Exercise
The answer should hold exactly the lines of the entries below from the one containing "Внедорожник / Кроссовер" through the last line, both included.

[Data records]
>>>>
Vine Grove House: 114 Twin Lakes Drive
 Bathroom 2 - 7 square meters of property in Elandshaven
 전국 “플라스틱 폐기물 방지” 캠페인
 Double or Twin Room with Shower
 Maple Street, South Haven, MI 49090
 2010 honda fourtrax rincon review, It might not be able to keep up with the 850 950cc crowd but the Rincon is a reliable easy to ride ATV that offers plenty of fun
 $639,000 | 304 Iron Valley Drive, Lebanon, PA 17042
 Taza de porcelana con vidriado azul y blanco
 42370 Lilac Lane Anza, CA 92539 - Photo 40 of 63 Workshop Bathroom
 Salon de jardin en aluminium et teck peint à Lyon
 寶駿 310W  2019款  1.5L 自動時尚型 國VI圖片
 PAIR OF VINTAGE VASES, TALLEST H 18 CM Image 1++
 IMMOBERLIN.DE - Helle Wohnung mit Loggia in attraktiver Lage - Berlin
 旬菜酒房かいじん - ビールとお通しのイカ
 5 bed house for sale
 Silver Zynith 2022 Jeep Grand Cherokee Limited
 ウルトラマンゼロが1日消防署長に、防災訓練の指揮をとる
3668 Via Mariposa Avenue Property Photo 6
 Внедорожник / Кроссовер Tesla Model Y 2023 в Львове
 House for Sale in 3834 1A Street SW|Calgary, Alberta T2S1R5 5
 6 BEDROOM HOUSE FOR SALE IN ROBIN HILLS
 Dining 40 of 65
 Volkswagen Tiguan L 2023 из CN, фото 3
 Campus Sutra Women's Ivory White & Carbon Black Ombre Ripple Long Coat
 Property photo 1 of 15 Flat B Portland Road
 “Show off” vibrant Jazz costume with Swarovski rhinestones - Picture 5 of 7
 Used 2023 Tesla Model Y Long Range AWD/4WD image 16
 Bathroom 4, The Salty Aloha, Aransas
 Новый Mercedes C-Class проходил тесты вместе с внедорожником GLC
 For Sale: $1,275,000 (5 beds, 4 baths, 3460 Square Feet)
<<<<
Exercise answer
 Внедорожник / Кроссовер Tesla Model Y 2023 в Львове
 House for Sale in 3834 1A Street SW|Calgary, Alberta T2S1R5 5
 6 BEDROOM HOUSE FOR SALE IN ROBIN HILLS
 Dining 40 of 65
 Volkswagen Tiguan L 2023 из CN, фото 3
 Campus Sutra Women's Ivory White & Carbon Black Ombre Ripple Long Coat
 Property photo 1 of 15 Flat B Portland Road
 “Show off” vibrant Jazz costume with Swarovski rhinestones - Picture 5 of 7
 Used 2023 Tesla Model Y Long Range AWD/4WD image 16
 Bathroom 4, The Salty Aloha, Aransas
 Новый Mercedes C-Class проходил тесты вместе с внедорожником GLC
 For Sale: $1,275,000 (5 beds, 4 baths, 3460 Square Feet)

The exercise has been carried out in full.